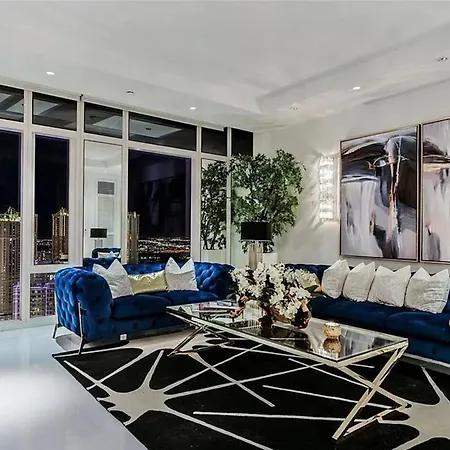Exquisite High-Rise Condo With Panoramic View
——————
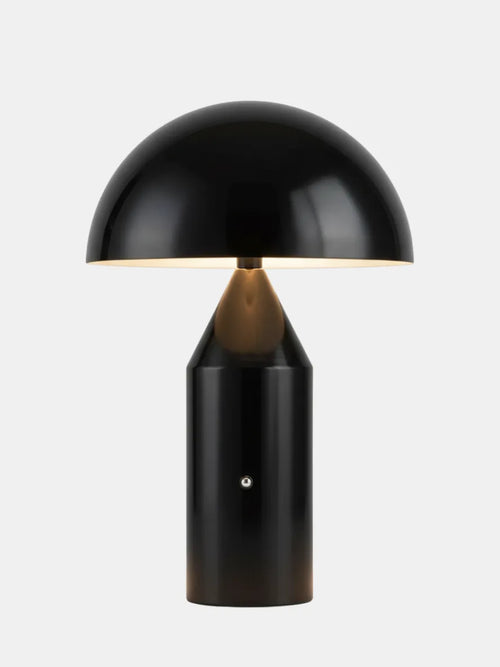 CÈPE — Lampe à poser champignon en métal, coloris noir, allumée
——————
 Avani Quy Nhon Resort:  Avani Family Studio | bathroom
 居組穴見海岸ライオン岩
——————
Task details:
Your answer should be the lines above, from the line containing "Avani Quy Nhon" up to and including the line containing "居組穴見海岸ライオン岩", reproduced exactly and with nothing else.

Task result:
 Avani Quy Nhon Resort:  Avani Family Studio | bathroom
 居組穴見海岸ライオン岩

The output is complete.